Allâh sagt, dass Sein Buch klar (mubîn) und verständlich ist, außer für die Hochmütigen. Es wurde in klarem Arabisch herabgesandt, ohne irgendeine „Verkrümmung“ (Iwadsch), so dass seine ersten Empfänger – die Araber – es verstehen konnten (s. Sûra 12:2, 39:28, 42:7, 43:3). Das Buch ist nicht in einer fremden Sprache offenbart, sonst hätten sie sich beschwert, dass seine Verse nicht „ausführlich erklärt“ worden wären (s. Sûra 41:44). „Wir haben ihn in deiner Sprache wahrlich leicht gemacht, auf dass sie bedenken mögen“ (Sûra 44:58). „Und Wir haben den Qurân ja leicht zum Bedenken gemacht. Aber gibt es jemanden, der bedenkt?“ (Sûra 54:17).

Worte und Texte erhalten ihre volle Bedeutung erst im Kontext. Zeit, Ort, Zuhörerschaft und Anlass, bei dem ein Wort geäußert wird, beeinflussen alle die Bedeutung. Unser barmherziger und weiser Schöpfer hat daher nicht nur die Sprache des Qurâns für die Araber leicht und zugänglich gemacht, sondern sie auch mit bestimmten Anlässen im Leben des Propheten (möge Allâh ihn in Ehren halten und ihm Wohlergehen schenken) verbunden, so dass die unmittelbare Bedeutung und die grundlegende Botschaft des Qurâns unmissverständlich klar werden. Kranke Herzen hatten damals selbstverständlich Zweifel. Die Glaubensverweigerer sagten: „‚O würde ihm doch der Qurân als Ganzes offenbart!‘ So (geschieht es aber), damit Wir dein Herz mit ihm festigen. Und Wir haben ihn wohlgeordnet vorgetragen“ (Sûra 25:32) Der Allbarmherzige antwortet: „Einen Qurân haben Wir (offenbart, den Wir in Abschnitte) unterteilt (haben), damit du ihn den Menschen in Abständen vorträgst; und Wir haben ihn wahrlich nach und nach offenbart“ (Sûra 17:106).

Allâh erwähnt auch, dass jeder Vers des Qurân durch den Gesandten (möge Allâh ihn in Ehren halten und ihm Wohlergehen schenken) erklärt wird. „(…) ein Buch, dessen Zeichen eindeutig festgefügt und hierauf ausführlich dargelegt sind von Seiten eines Allweisen und Allkundigen“ (Sûra 11:1). „Ein Buch, dessen Zeichen ausführlich dargelegt sind, als ein arabischer Qurân, für Leute, die Bescheid wissen“ (Sûra 41:3).

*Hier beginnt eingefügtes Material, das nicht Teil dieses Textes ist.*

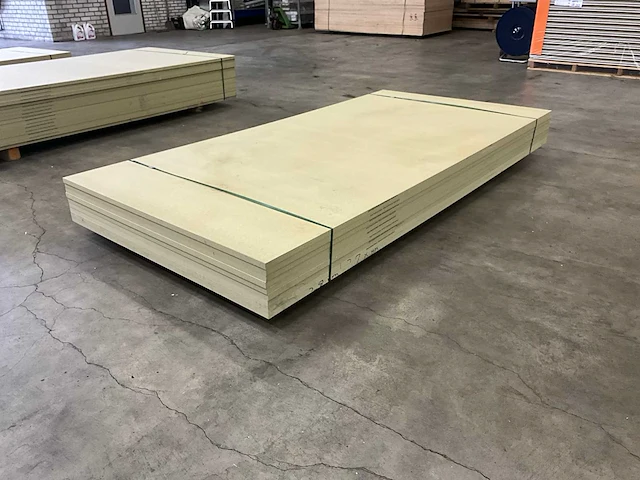 Mdf plaat (9x) - afbeelding 1 van  7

Den meisten frühen Exegeten zufolge bestätigt der Vers „Und übereile dich nicht mit dem Qurân, bevor dir seine Offenbarung vollständig eingegeben worden ist“ (Sûra 20:114), dass die Auslegung des Qurân dem Propheten (möge Allâh ihn in Ehren halten und ihm Wohlergehen schenken) eingegeben wurde. Außerdem war es ihm nicht erlaubt, sich in der Überbringung zu beeilen, bevor ihm nicht die Auslegung beigebracht wurde. Daher wurde er angewiesen, seinen Gefährten sowohl die Worte als auch die Bedeutungen des Qurân zu lehren. Da die grundlegende Botschaft des Qurân an sich klar ist, bezieht sich diese Erklärung auf die tieferen Bedeutungen der Worte, die vereinzelt unklaren Verse und jene, die komplizierte Anspielungen haben, die den Arabern unbekannt waren, oder mehrdeutig (mutaschâbihât) sind. Falls im Falle der mehrdeutigen Verse die wortwörtliche Auslegung nicht vorgesehen ist oder nicht innerhalb des menschlichen Fassungsvermögens liegt, lehrte der Prophet, wie man mit diesen umzugehen hat.

Sechste Erkenntnis: Eine Grundlage für das Verständnis des Qurân und die Ableitung von Richtlinien aus ihm in allen Lebenslagen

Der Qurân ist voll mit schönen Geschichten, von denen der Prophet und die Menschen viele nicht kannten (s. Sûra 12:3). Geschichten inspirieren uns und füllen unsere Vorstellungskraft auf eine Weise, wie es einfache Gebote oder moralische Vorschriften nicht tun.

Darüber hinaus hat Allâh alle Arten von Beispielen oder Gleichnissen (mathal, wörtlich: Vergleich, Ähnlichkeit, Beispiel, Vergleichbarkeit aller Arten von Situationen) gegeben. Diese Tatsache wird im Qurân häufig erwähnt, um unsere Aufmerksamkeit auf diese sich ständig erneuernde Quelle zu lenken (s. Sûra 18:54, 20:113, 30:58, 39:27). Gleichnisse und Geschichten ergänzen die geradlinige Art der Belehrung, nämlich allgemeine Gebote und spezifische Anweisungen, die im Qurân enthalten sind. Auf diese Weise bleibt kein Aspekt des Lebens unberücksichtigt: „Wir haben im Buch nichts vernachlässigt“ (Sûra 6:38).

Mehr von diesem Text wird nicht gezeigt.